The fact that the control magnet 22 can only receive current when the \ Totor 5 is switched on via the standby switch 27, it is achieved that the control disk 18 is not disengaged until the flywheel 7 has started up can. Should a fuse be provided against \\ - that the switch 27 and 28, the latter with the "On" switch, not to be used at the same time out of mischief Can be switched on, then a locking of the »on« -continuous circuit through a closed-circuit relay, the coil of which is in the 1% Iotor circuit and its .Anchor only lets go when the motor current from its high start-up value to the no-load value, d. H. has dropped to the value that it reached after the flywheel started up Still needed to cover the frictions and for motorization. @ This security is not required, a signal lamp can be installed in place of the relay coil, which goes out after the motor has started up.

It is switched off in the usual way by pressing the switch-off button in 28 in the control room, whereby the tripping magnet via contact 3o of circuit breaker i 31 receives electricity. Instead of switching off manually, the Relay 33 cause the trip, in the usual way via the current transformer 32 is coupled to the switch line.

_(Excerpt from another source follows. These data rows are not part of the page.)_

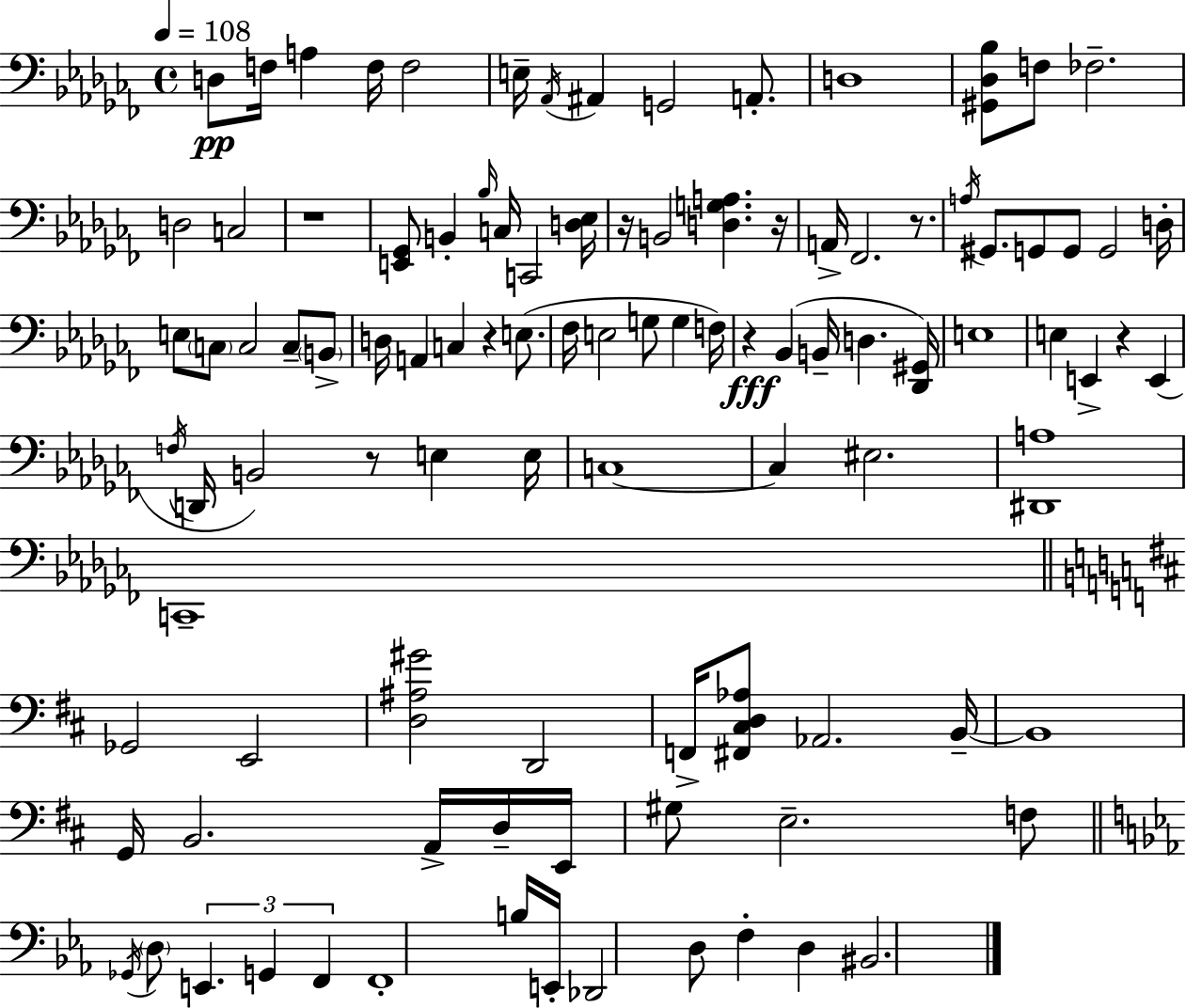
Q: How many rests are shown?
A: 8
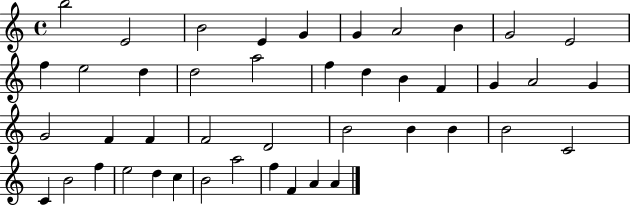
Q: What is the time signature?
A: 4/4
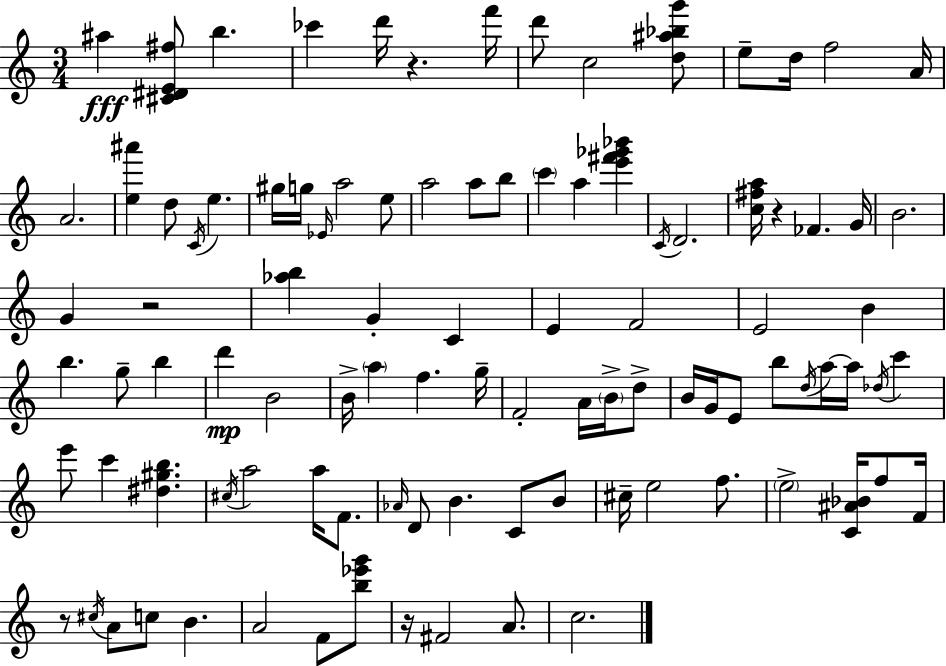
{
  \clef treble
  \numericTimeSignature
  \time 3/4
  \key c \major
  ais''4\fff <cis' dis' e' fis''>8 b''4. | ces'''4 d'''16 r4. f'''16 | d'''8 c''2 <d'' ais'' bes'' g'''>8 | e''8-- d''16 f''2 a'16 | \break a'2. | <e'' ais'''>4 d''8 \acciaccatura { c'16 } e''4. | gis''16 g''16 \grace { ees'16 } a''2 | e''8 a''2 a''8 | \break b''8 \parenthesize c'''4 a''4 <e''' fis''' ges''' bes'''>4 | \acciaccatura { c'16 } d'2. | <c'' fis'' a''>16 r4 fes'4. | g'16 b'2. | \break g'4 r2 | <aes'' b''>4 g'4-. c'4 | e'4 f'2 | e'2 b'4 | \break b''4. g''8-- b''4 | d'''4\mp b'2 | b'16-> \parenthesize a''4 f''4. | g''16-- f'2-. a'16 | \break \parenthesize b'16-> d''8-> b'16 g'16 e'8 b''8 \acciaccatura { d''16 } a''16~~ a''16 | \acciaccatura { des''16 } c'''4 e'''8 c'''4 <dis'' gis'' b''>4. | \acciaccatura { cis''16 } a''2 | a''16 f'8. \grace { aes'16 } d'8 b'4. | \break c'8 b'8 cis''16-- e''2 | f''8. \parenthesize e''2-> | <c' ais' bes'>16 f''8 f'16 r8 \acciaccatura { cis''16 } a'8 | c''8 b'4. a'2 | \break f'8 <b'' ees''' g'''>8 r16 fis'2 | a'8. c''2. | \bar "|."
}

In addition, the switch should not only be activated by the release magnet 31, but, as with the manual drive, must be switched off via the linkage only by a special, not shown pressure contact of the contact 29, the is open when the circuit breaker is inserted, bridged and at the same time the standby switch 27 be ready to be acted upon. This starts the same process as described above and the crank 13 from the upper dead center to the lower dead center shown turns. With manual drive, the control magnet is used both when switching on and off the associated release pawl is actuated directly.

Claims (7)

PATENT CLAIMS: i.Antrive for electrical switchgear, in particular high-voltage switch with electric motor and flywheel, characterized by the use of a path-dependent friction clutch designed as a mechanical torque amplifier with servo action, which during the switching operations the power of the motor and the multiple short-term power of the flywheel suddenly act on the actuating shaft of the Switchgear brings to action. 2. Switch drive according to claim i, characterized in that the friction clutch (9) consists of a rotating drum, a spreadable friction jaw or belt assembly, a control shaft (1 5) and an output shaft (io). 3. Switch mechanism according to claim i and 2, characterized in that between the control shaft (15) and the output shaft (io) spreading a spring onto the brake shoe or brake band arrangement: g works. q. Switch drive according to Claims i to 3, characterized in that the Friction clutch (9) connected to a control disc (18) via a reduction gear (16) which has two stops, preferably offset by 180 ° (ig and 2o) which cooperate with a locking lug (21) of a control magnet (22). 5. Switch drive according to claim 2, characterized in that the to be actuated Provide switchgear (i) with a trip-free mechanism (3) and make the arrangement is that with every switch-on process before the Kornmando switch (28) To operate the switch, first press the switch (27-) to turn on the Motor (5) 'must be actuated, whereby the switch drive linkage (r4, 4) off the .ltis switch position and the energy storage of the trip-free release (3) being charged. 6. Switch drive according to claim 5, characterized in that the motor switch (27) and the command switch (28) are locked against each other. 7. Switch drive according to claim 2, characterized in that the correct timing of the control processes during the switching operations is ensured by auxiliary switches (25, 26 or 29, 3o) controlled by the individual shafts (2, 17) of the apparatus.